▶ [Recorded data]
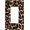 Leopard_05, variant on Leopard 2 Gang Light Switch Plate, Wild Animals Print Cheetah Print Spots Double Toggle Wall Plate Cover Decorative Electrical Switchplate for Kitchen Bathroom Home Art Wall Panel Decorate Faceplate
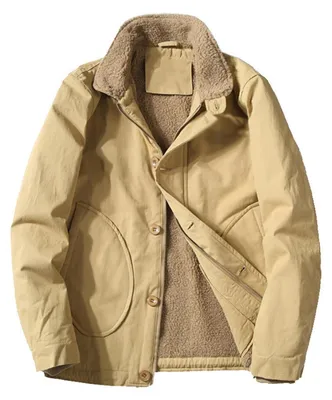 Productafbeelding van Gewatteerde Winterjas voor Heren in Khaki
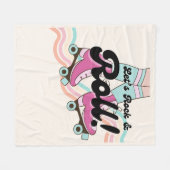 70er Rock and ROLL Roller Skaten Deco Retro Room Fleecedecke (Vorderseite (Horizontal))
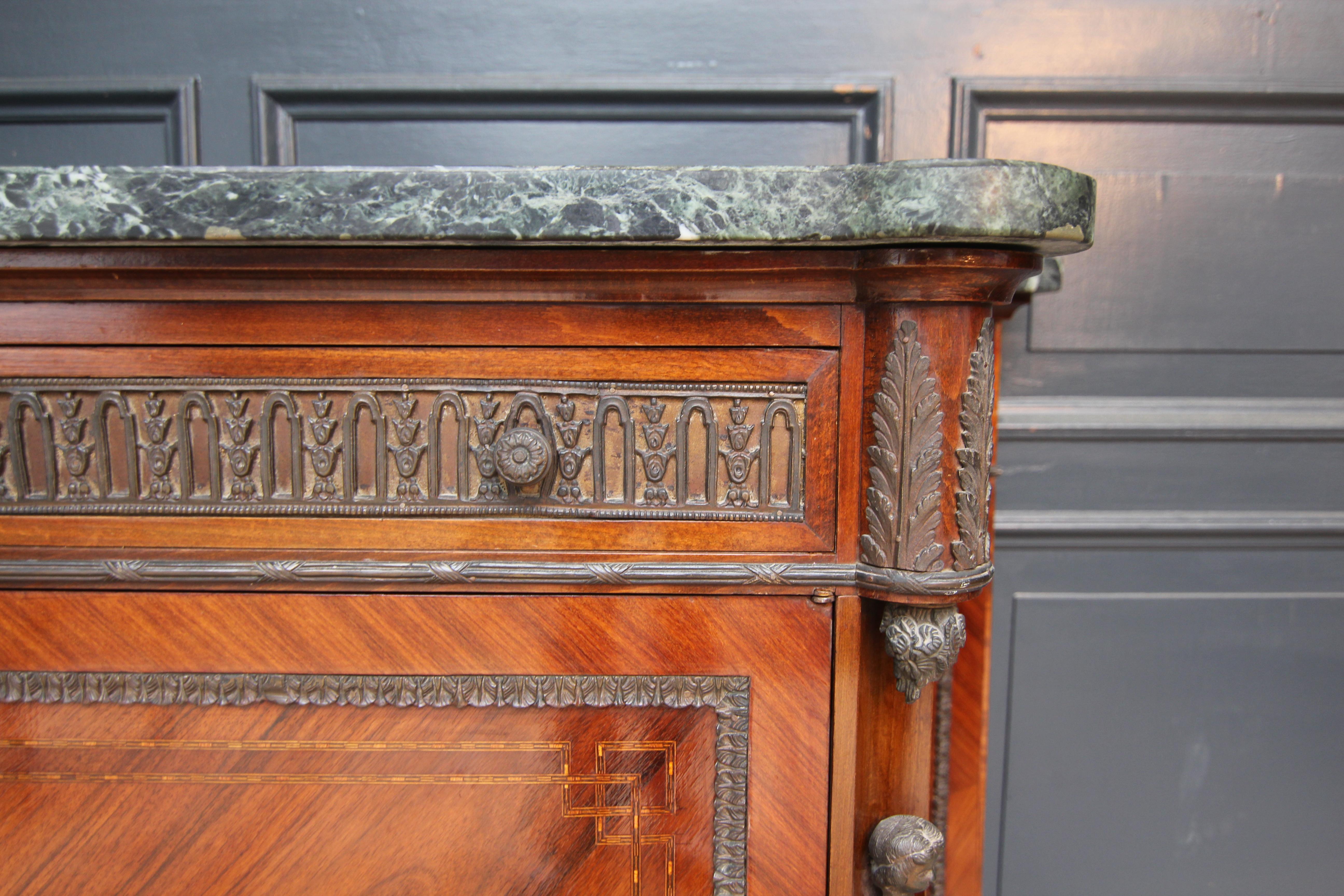 20th Century Neoclassical Revival Cabinet with Marble Top 14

▶ [Your goal]
To answer, repeat exactly the lines from the line containing "Productafbeelding van Gewatteerde" through the last line of the data above, leaving out all pictures.

▶ [Expected answer]
 Productafbeelding van Gewatteerde Winterjas voor Heren in Khaki
 70er Rock and ROLL Roller Skaten Deco Retro Room Fleecedecke (Vorderseite (Horizontal))
 20th Century Neoclassical Revival Cabinet with Marble Top 14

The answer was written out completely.